Hierarchical preferences of hydroxylated oxanorbornane-based achiral amphiphiles

Achiral amphiphiles with hydroxylated oxanorbornane headgroups showed specific morphological characteristics and hierarchical preferences depending upon the nature of lipophilic units. Detailed scanning electron microscopic (SEM) studies showed that twisted ribbonlike aggregates are characteristic of monoalkoxyaryl lipids with hydrocarbon chain length in the range C10-C13; these systems also had a preference toward lamellar arrangement. Asymmetric packing of these lipids is a unique occurrence and shows that the presence of molecular chirality is not an absolute requirement for curvature effects in their supramolecular assemblies.

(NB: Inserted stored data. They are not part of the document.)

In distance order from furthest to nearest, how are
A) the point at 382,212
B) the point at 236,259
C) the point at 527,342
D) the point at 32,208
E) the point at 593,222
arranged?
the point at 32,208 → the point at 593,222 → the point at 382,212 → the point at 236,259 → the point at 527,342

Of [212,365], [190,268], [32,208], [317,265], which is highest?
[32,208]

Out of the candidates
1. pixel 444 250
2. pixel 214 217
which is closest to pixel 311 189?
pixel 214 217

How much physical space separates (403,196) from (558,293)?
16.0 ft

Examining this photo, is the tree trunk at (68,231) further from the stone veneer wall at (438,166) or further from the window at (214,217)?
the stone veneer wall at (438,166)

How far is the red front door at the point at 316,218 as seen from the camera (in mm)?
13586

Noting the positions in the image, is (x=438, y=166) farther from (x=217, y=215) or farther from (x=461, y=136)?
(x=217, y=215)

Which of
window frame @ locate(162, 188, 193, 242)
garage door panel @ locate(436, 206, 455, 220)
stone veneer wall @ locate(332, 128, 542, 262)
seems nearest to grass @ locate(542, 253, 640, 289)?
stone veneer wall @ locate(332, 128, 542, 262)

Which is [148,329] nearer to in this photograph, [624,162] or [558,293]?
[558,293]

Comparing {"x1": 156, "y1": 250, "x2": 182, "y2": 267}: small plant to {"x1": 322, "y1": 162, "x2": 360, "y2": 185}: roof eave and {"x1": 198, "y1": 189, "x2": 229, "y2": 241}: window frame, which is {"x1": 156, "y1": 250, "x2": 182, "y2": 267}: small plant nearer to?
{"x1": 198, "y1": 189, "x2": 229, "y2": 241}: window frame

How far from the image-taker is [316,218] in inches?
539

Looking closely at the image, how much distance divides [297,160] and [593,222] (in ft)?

Aryl units in these systems were found to be important for the observed morphological preferences, which became evident from comparative studies involving simple long chain esters without this moiety. Single-crystal X-ray diffraction analysis of one of the lipids from the latter group gave finer details of strong and weak secondary interactions, which operate during their assembly process. Introduction of more than one alkyl chain on the aromatic ring caused a notable shift in the packing propensity toward columnar arrangement. Most of these cone-shaped molecules were found to give doughnut-shaped aggregates from acetone solution through the intermediary of fibrous structures, which was confirmed through SEM, transmission electron microscopic, and atomic force microscopic studies.